Unsure how to give your students the best experience possible? Here are some ways to help.

Resist "Americanizing" immigrant students. "Let them learn and appreciate the customs and language of their new country without surrendering the customs and languages of their country of origin," says Erwin Mitchell, co-founder of The Georgia Project.

Educate yourself. Seek out information — online, from books, from leaders within immigrant communities — to learn about the norms and traditions of your students' cultural backgrounds.

Ask questions. What did your hometown look like? What was your journey like from your home country? Did you leave relatives behind? How are schools/stores/food/clothing different here?

Avoid tokenizing. Remember that immigrant and refugee students are individuals with their own unique perspectives.

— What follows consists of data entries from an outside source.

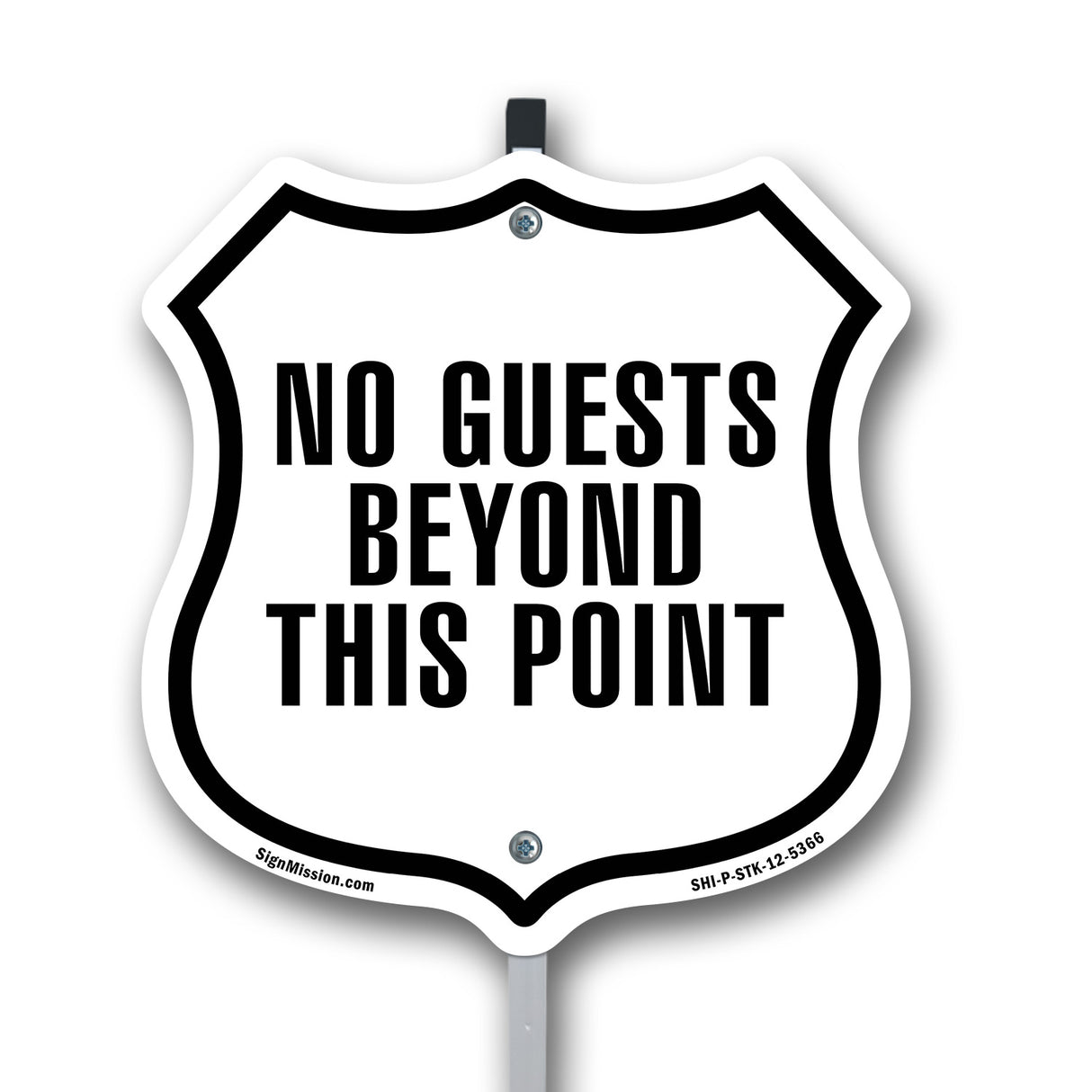 No Guests Beyond This Point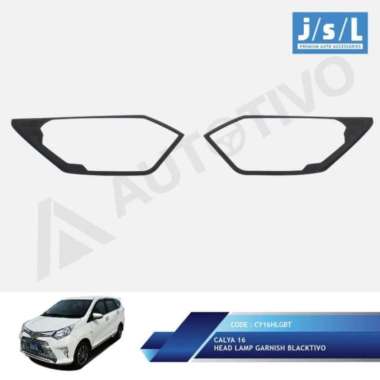Toyota calya garnish lampu depan/head lamp garnish blacktivo series Terbaik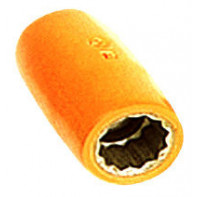 Douille 12 pans femelle isolée 1000V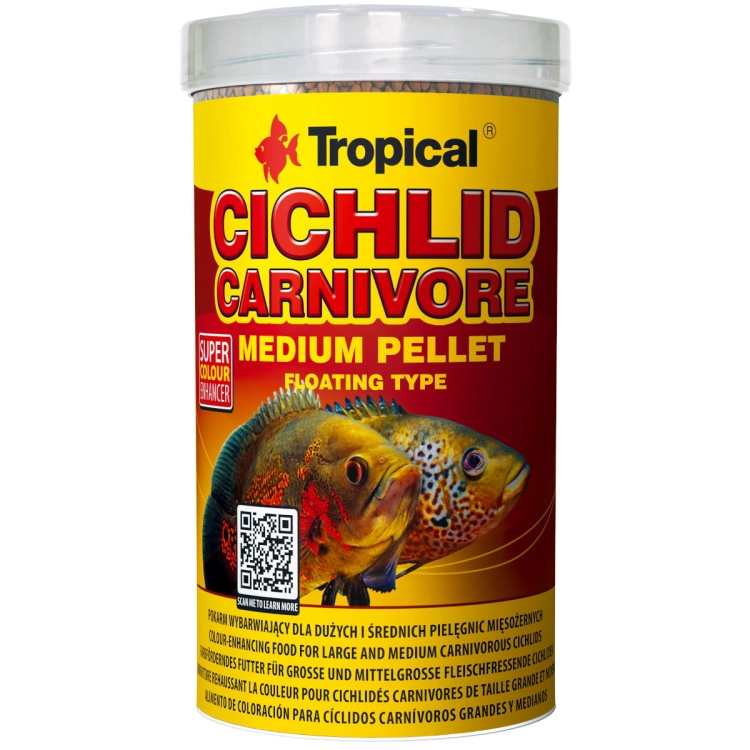 Tropical Cichlid Carnivore Medium Pellet 500ml - 180g Pokarm dla pielęgnic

Be thoughtful in how you inquire about their culture, to avoid tokenizing them or generalizing what they say. "Members of minority cultures aren't necessarily experts on our people," says teacher Be Vang. "A lot of times, teachers will ask, 'Why do Hmong people do that?' I'll tell them, 'This is what I think.' Don't turn me into a generalization."

Model language learning. Learn a phrase or two in your students' native language. One Minnesota teacher learns a phrase in each of the dozen languages spoken in his school. Hearing the teacher say something imperfectly in their native language allows students the comfort to make mistakes in English, too.

Visit language classrooms. Observe an ESOL class in your school to better understand the learning environment that English language learners need. Ask an ESOL teacher for classroom suggestions (like explaining concepts in multiple ways, mixing instruction with activities to break up the amount of English your ESOL students must comprehend at one time, and making lessons visual).

Look beyond culture. Don't expect a cultural explanation for everything a child says or does. "Step back and ask, 'Is this a cultural thing or a kid thing?'" says one 5th-grade teacher from Minnesota. "Too often, teachers don't look at them as students; they look at them as immigrant students. But kids are kids, no matter what country they're from."